#### Supplied material:
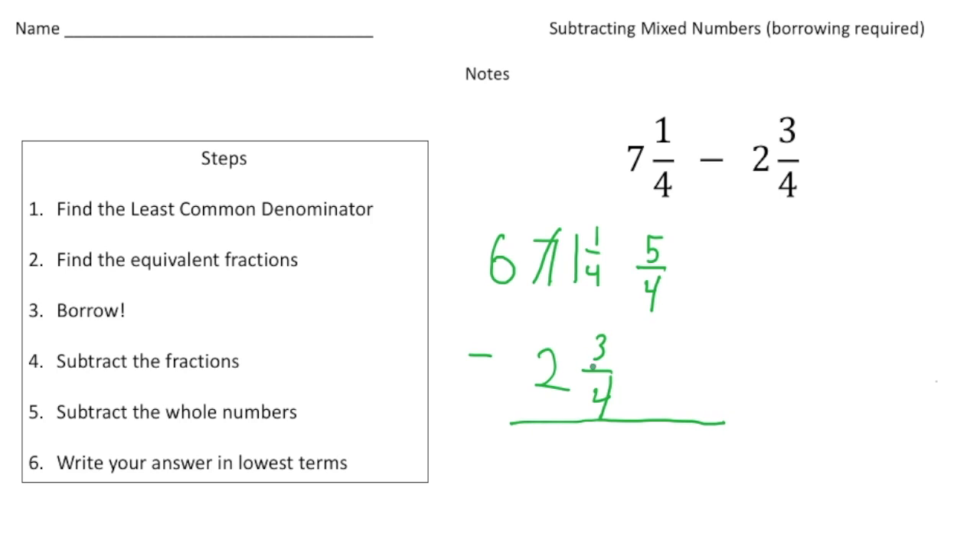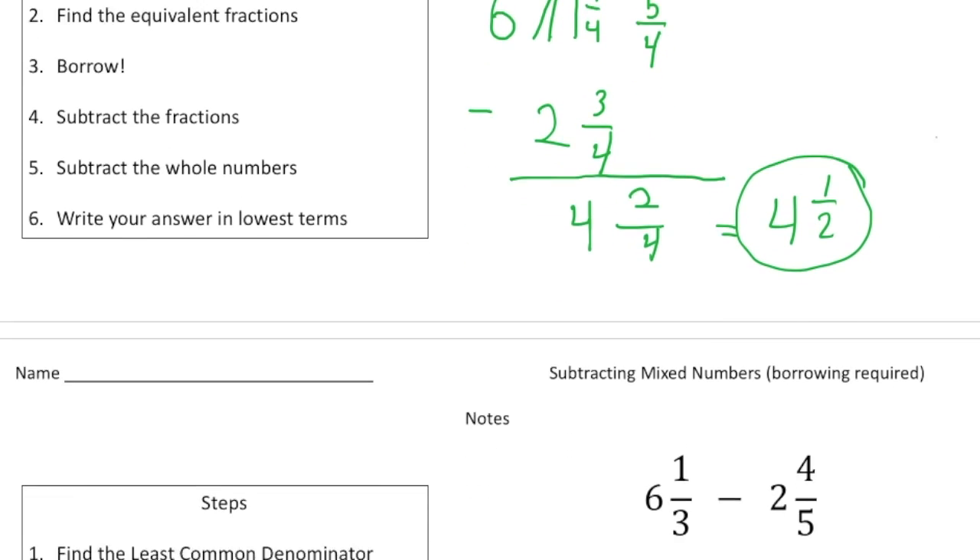Five-fourths take away three-fourths is two-fourths, and that brings us to step number five. Six take away two is four, and now we're almost done because four and two-fourths can reduce down to four and one-half — that's our answer. The main reason we had to borrow is because I couldn't take away three-fourths from one-fourth, so I had to borrow, make the seven a six, and add that one to the fourth to make it five-fourths.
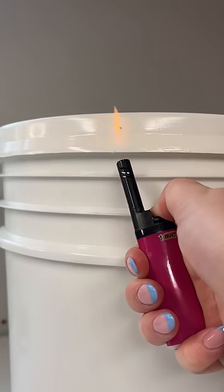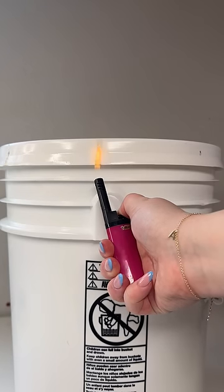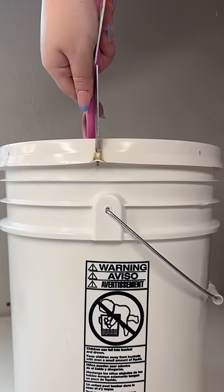We just emptied out two buckets of lip gloss base, so now it's time to open a fresh one. People always ask me why I mention the price of the bucket in every video, and there's a few reasons. Number one, because it's $500.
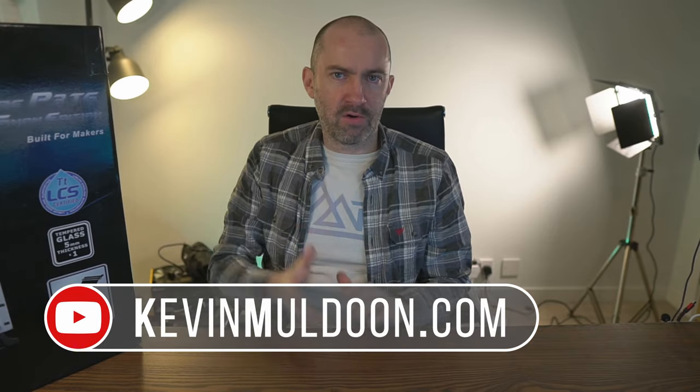Hey guys, welcome to video number five of my series where I show you the PC I'm building for 2021. In my first four videos I showed you the motherboard, CPU, power supply, graphics card, memory, storage, and all-in-one cooler.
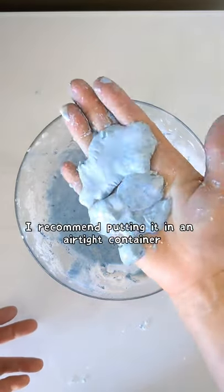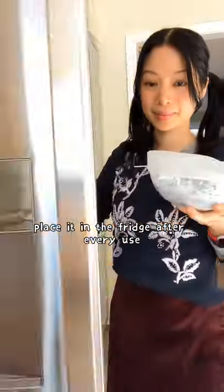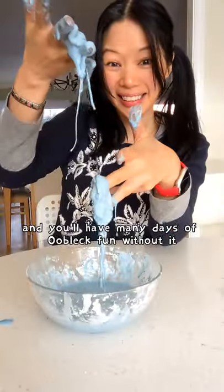To make it last longer, I recommend putting it in an airtight container. I'm using this silicone cover. Place it in the fridge after every use and it'll last up to a week. And you'll have many days of oobleck fun without it smelling bad.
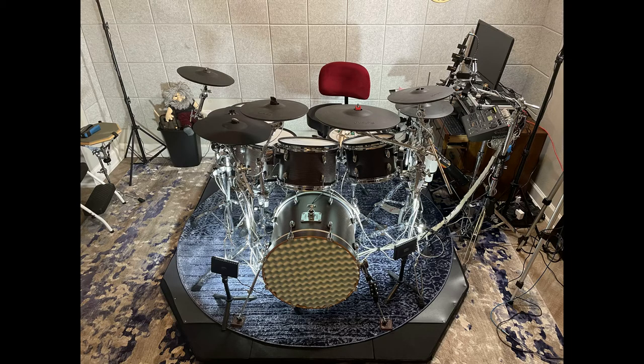Prior to this kit I played a Roland TD-10, but when I started playing the new kit I uncovered a dilemma: how to completely eliminate the vibration that was penetrating the floor.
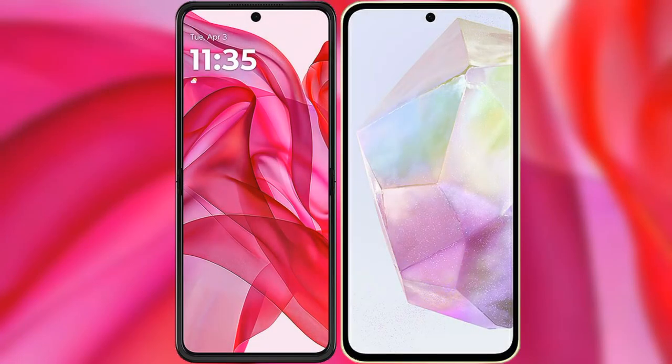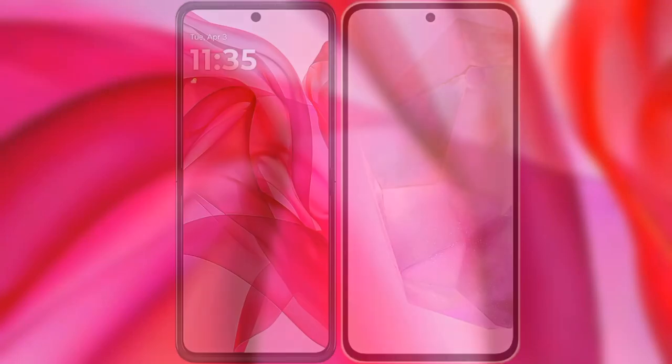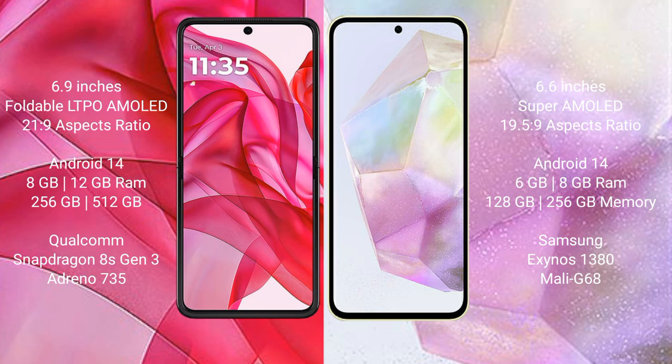I will compare the new Motorola Razr 50 Ultra with Samsung Galaxy A35. Motorola Razr 50 Ultra comes with a 6.9 inches foldable LTPO AMOLED display with a 6.0 to 21.9 aspect ratio. Samsung Galaxy A35 comes with a 6.6 inches Super AMOLED display with a 6.0 to 19.5 aspect ratio.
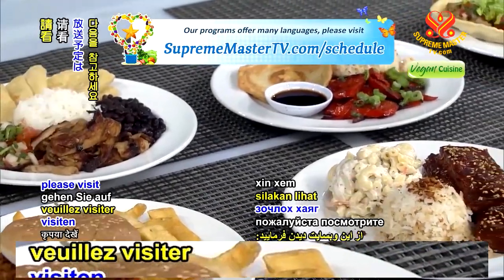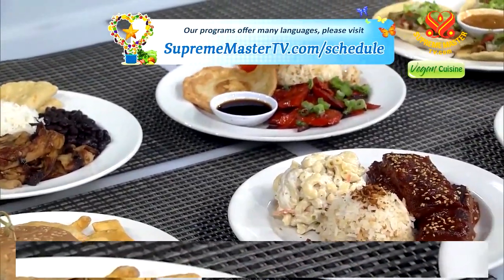Our programs offer many languages. Please visit suprememastertv.com/schedule.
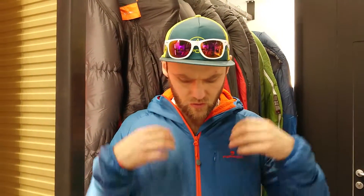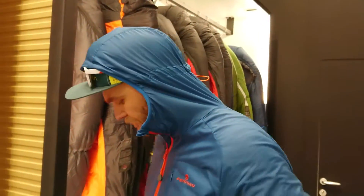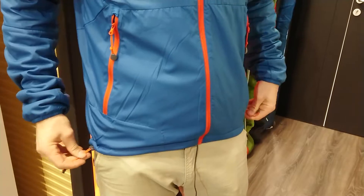When you zip it up, you can see it also has a hood, two pockets, and this additional function.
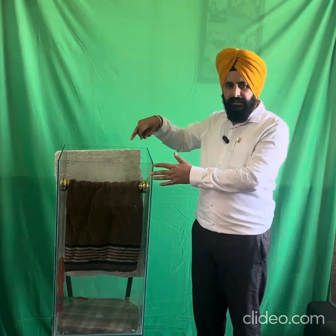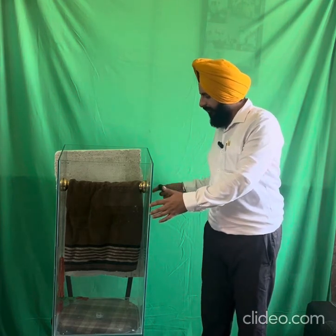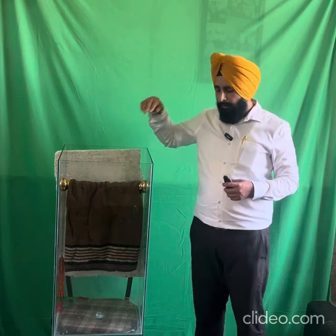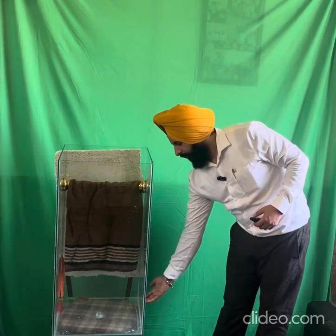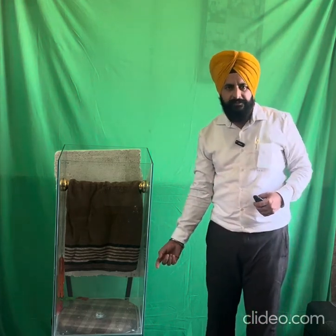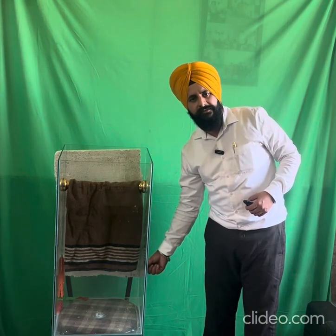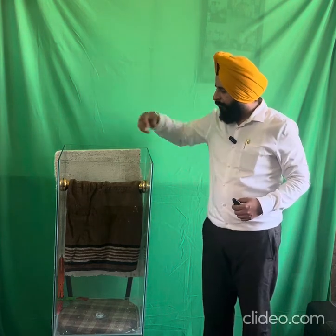This instrument is made of glass, rectangular in shape. The width and length are 40 centimeters and the total height is 80 centimeters. Internally there is a rod where you fix a towel or a rope. The rope height should be 20 centimeters above the water level. You fill water up to 17 to 18 centimeters, leaving a gap of 2 to 3 centimeters between the water surface and the lower part of the towel or rope.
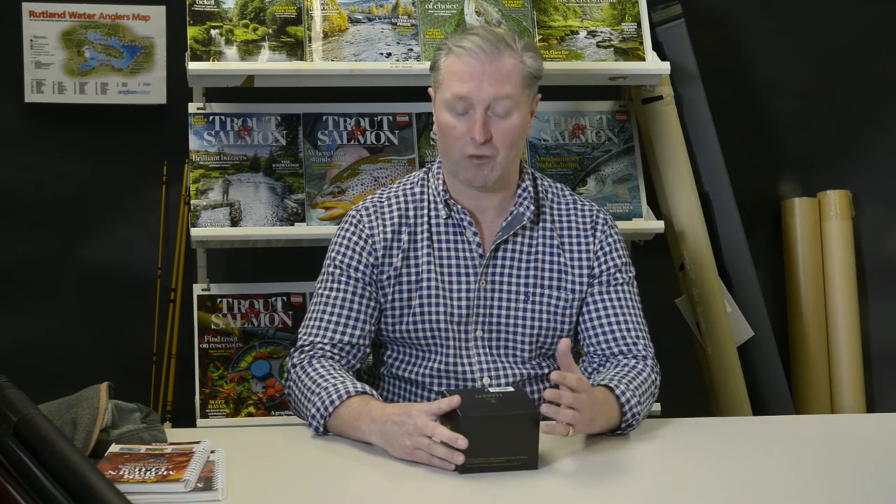Hello, I'm Rob Hardy and I'm the Tackle Editor of Trout & Salmon Magazine. Welcome to this new series of videos where we'll be taking a first look at some of the new products on the fly fishing market for 2021. Today we're going to take a look at the new UltraClick UCL reel from Hardy, a company with a long heritage of making quality fly reels. So let's take a look.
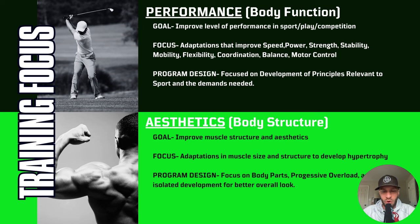The good news is there's carryover for both. Even if your program is a hundred percent focused on golf performance — working on stability, mobility, and strength — you're still going to get the health carryover and the aesthetic carryover. Your body is going to look and feel better regardless, even if your program is a hundred percent performance-based.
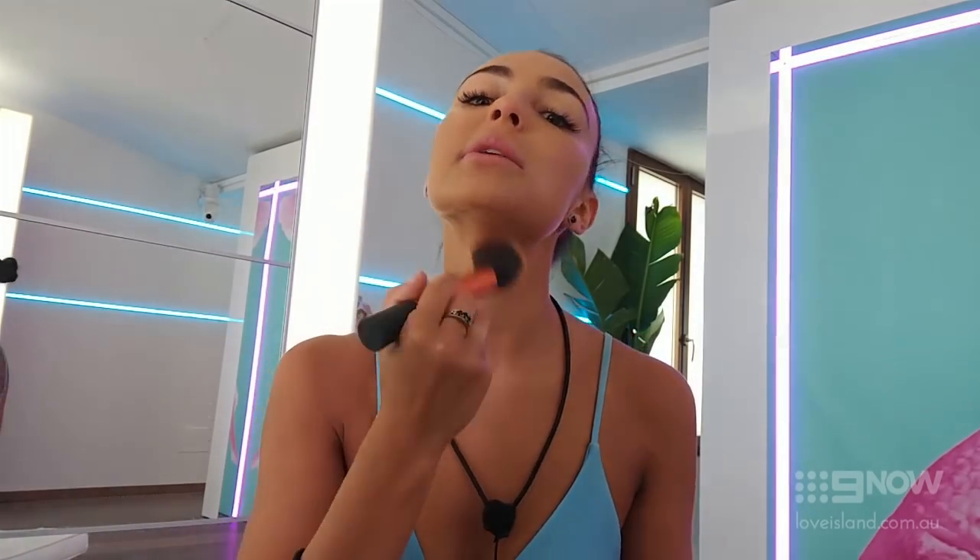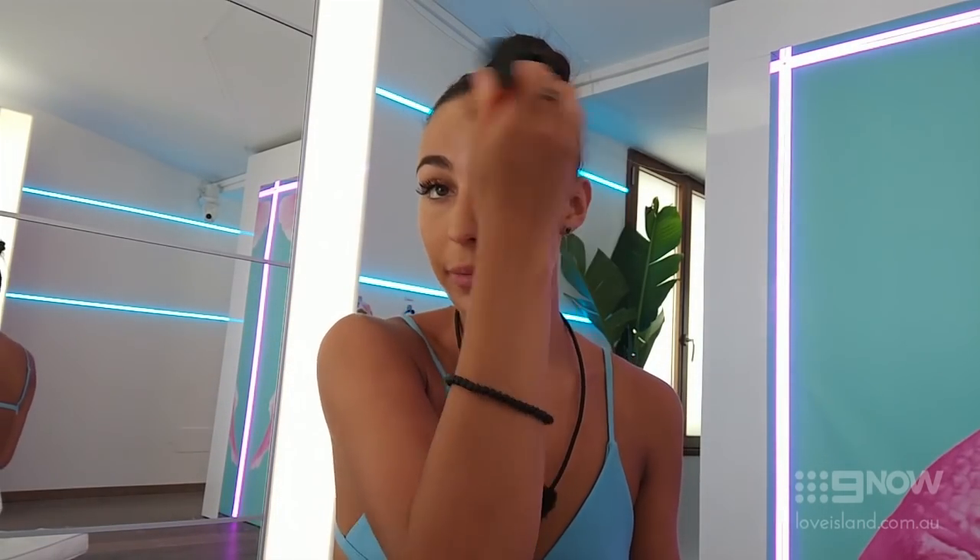Make sure you blend your neck because that is my biggest pet hate when you can see makeup on girls' necks. So just keep applying it all over.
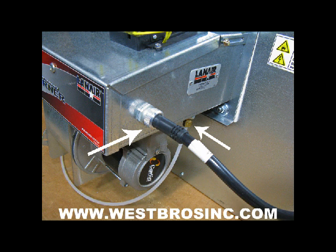First, turn the main power off to the waste oil heater. Then remove the quick disconnect cord from the burner assembly and the small air hose from the burner assembly.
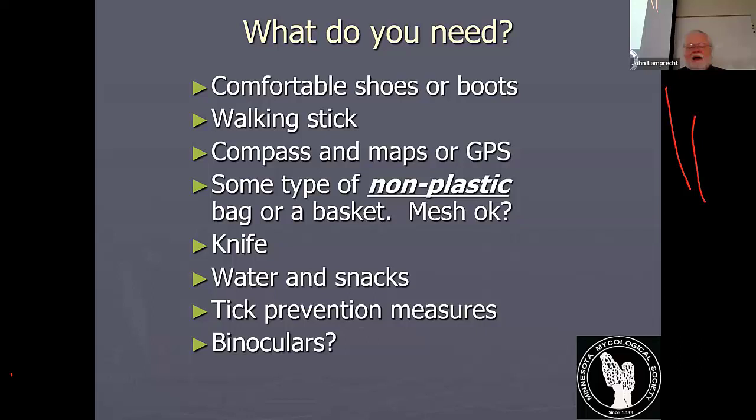It's important to talk about ticks. Ticks are really something that we need to be concerned about here in Minnesota. We need to talk about tick prevention and safety because it can be a really serious problem.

#### What to do:
Find the line with "Hello, I'm Rob" in the data above, and from there retype each line exactly through the line with "The good news", skipping the pictures along the way.

#### Answer section:
Hello, I'm Rob Hardy and I'm the Tackle Editor of Trout & Salmon Magazine. Welcome to this new series of videos where we'll be taking a first look at some of the new products on the fly fishing market for 2021. Today we're going to take a look at the new UltraClick UCL reel from Hardy, a company with a long heritage of making quality fly reels. So let's take a look.
The good news is there's carryover for both. Even if your program is a hundred percent focused on golf performance — working on stability, mobility, and strength — you're still going to get the health carryover and the aesthetic carryover. Your body is going to look and feel better regardless, even if your program is a hundred percent performance-based.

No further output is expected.